The data is an artificial dataset that could be produced by our purchase process, where a user makes their first and possibly following purchases from Wolt. We have separated these purchases into two files, the first one containing only the users’ first ever purchases from Wolt, and the second one containing all purchases from these users.

Fields

In the first_purchases.csv file we have the following fields:

  • First Purchase Date: Date (UTC) when a user did their first Wolt purchase.
  • First Purchase Product Line: Product line of the first purchase. This can be either ‘Restaurant’ or ‘Retail store’.
  • User ID: Unique ID of the user who made the first purchase.
  • Purchase ID: Unique ID of the purchase.
  • Venue ID: Unique ID of the venue where the purchase was made.

In the purchases.csv file we have mostly these same fields:

  • Purchases Date: Date (UTC) of the purchase.
  • Product Line: Product line of the first purchase. This can be either ‘Restaurant’ or ‘Retail store’.
  • User ID: Unique ID of the user who made the first purchase.
  • Purchase ID: Unique ID of the purchase.
  • Venue ID: Unique ID of the venue where the purchase was made.

Your Task

Customer retention can be described as a way to look at how engaged and loyal customers are, that is, whether they continue using the service after their first purchase. In this task we want to see how well Wolt manages to retain its customers month after month based on when users made their first ever purchase.

Technical assessment

Create visualizations showing the monthly customer retention per product line to communicate the following:

  • Cohort based monthly retention for Retail product line
  • Cohort based monthly retention for Restaurant product line

As we’d like to see some of your SQL skills in action, please solve this task using SQL. You are free to use any additional tools, for example, SQL package in a Jupyter Notebook, or you can go with PostgreSQL with pgAdmin. Please also share your code, specifying the SQL dialect you’ve used.

Regarding the visualizations, opt for any tool you wish to use in order to visualize your results in a suitable way. Choose chart types, color palettes and layouts that convey the messages best.

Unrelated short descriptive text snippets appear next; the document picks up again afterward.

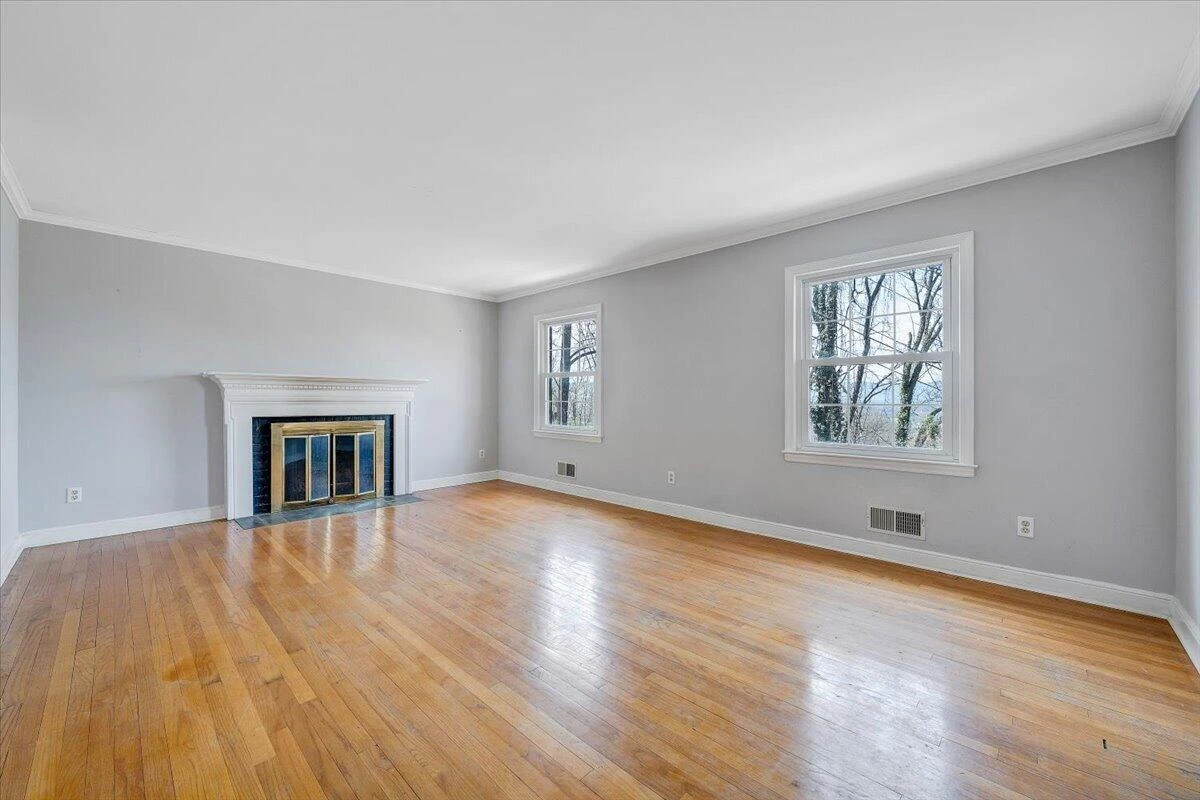 3044 Burnleigh RD - Photo 9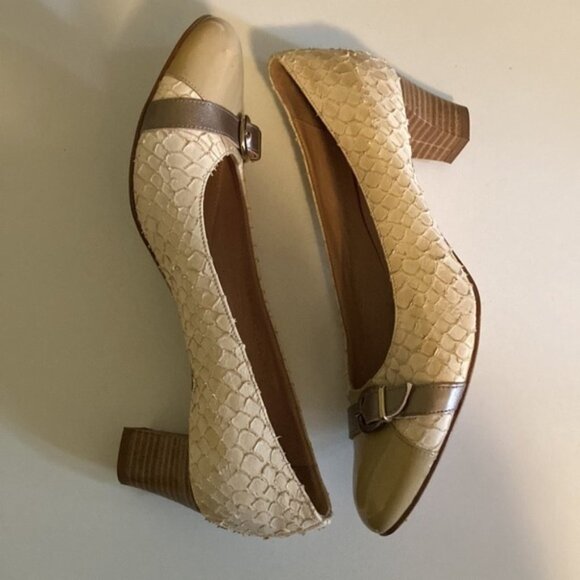 👠✨ Vintage Rolando Bellagio Beige & Taupe Leather Block Heel Pumps  ✨👠 - Picture 4 of 11
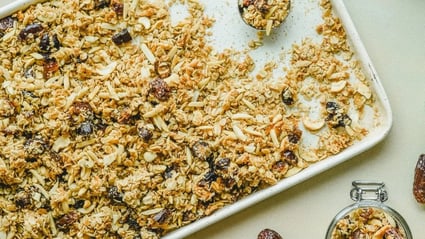 Honey Almond Granola with Coconut & Dates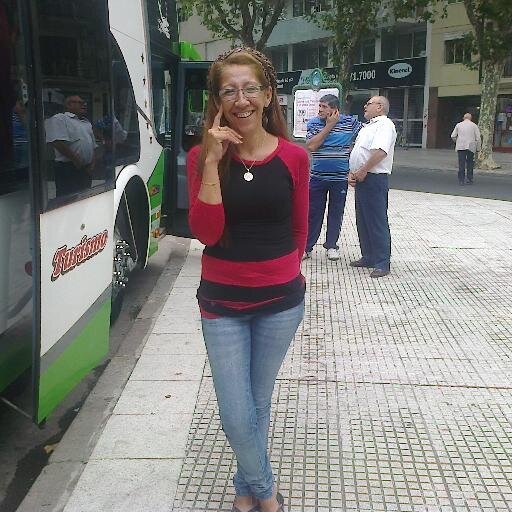 DOCENTE, MADRE, Y BAILAORA JAJAJAAJAJ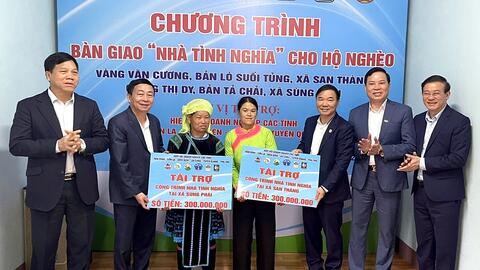 Chương trình bàn giao nhà tình nghĩa cho hộ nghèo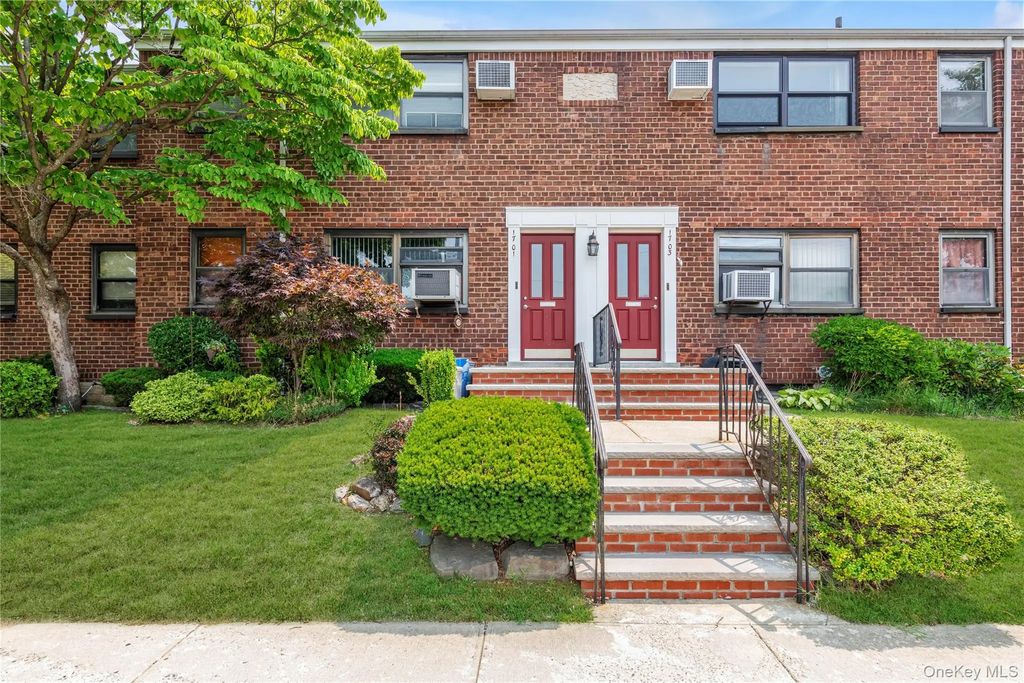 17-01 Utopia Parkway # 1, Whitestone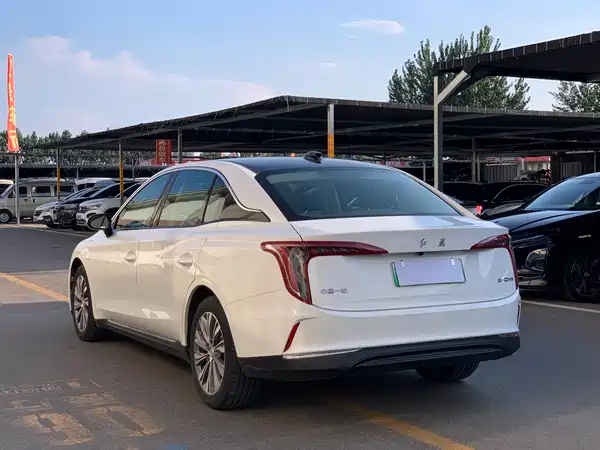 Hongqi E-QM5 2023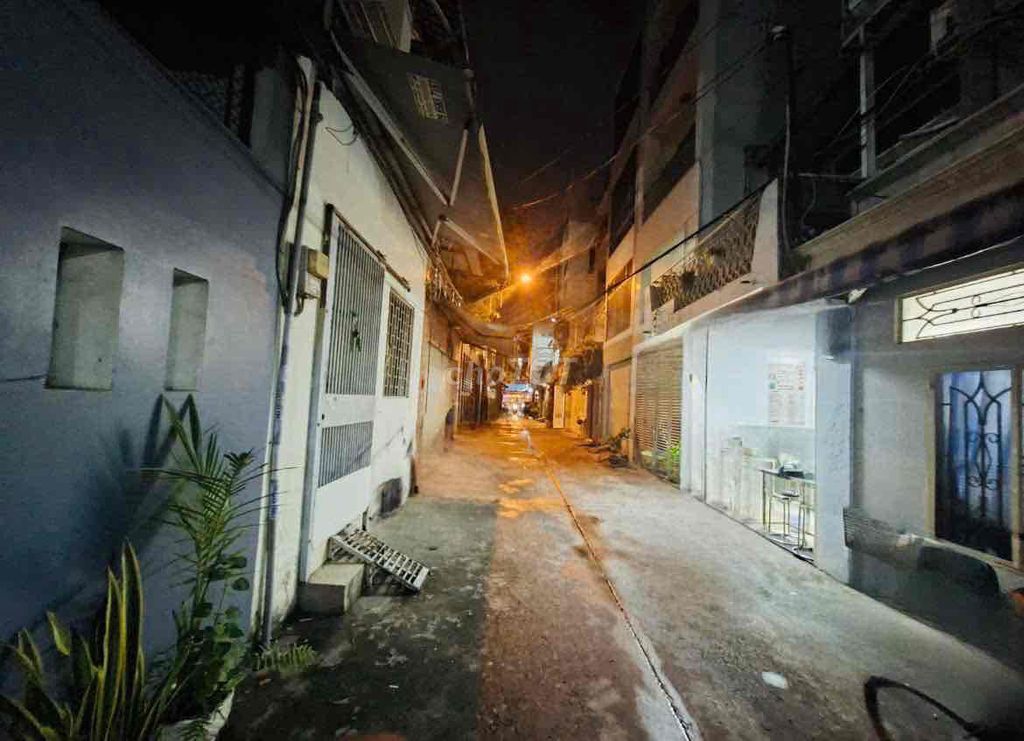 Nhà Căn Góc HXH Thông Thành Thái Quận 10 - 39.5m² chỉ 8.4 tỷ - Tiện Kinh Doanh!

Thinking about the next steps

In addition, answer the following:

  • What assumptions about the data did you make when creating your retention charts?
  • Did you encounter any problems in the data?
  • Which additional data sources or business information do you think could be used to improve your solution?

Deliverables to share with us

  1. Put together your visualizations and answers together in English into a presentation, Jupyter Notebook or similar format.
  2. Share your SQL script (mention the dialect used), which you used to arrive at your results

When your solution is ready, put it as a zip file to Google Drive, Dropbox, OneDrive (or similar). Remember to check permissions! If we cannot access the file, we cannot review your solution. Please don’t store your solution in a public GitHub repository during the application period.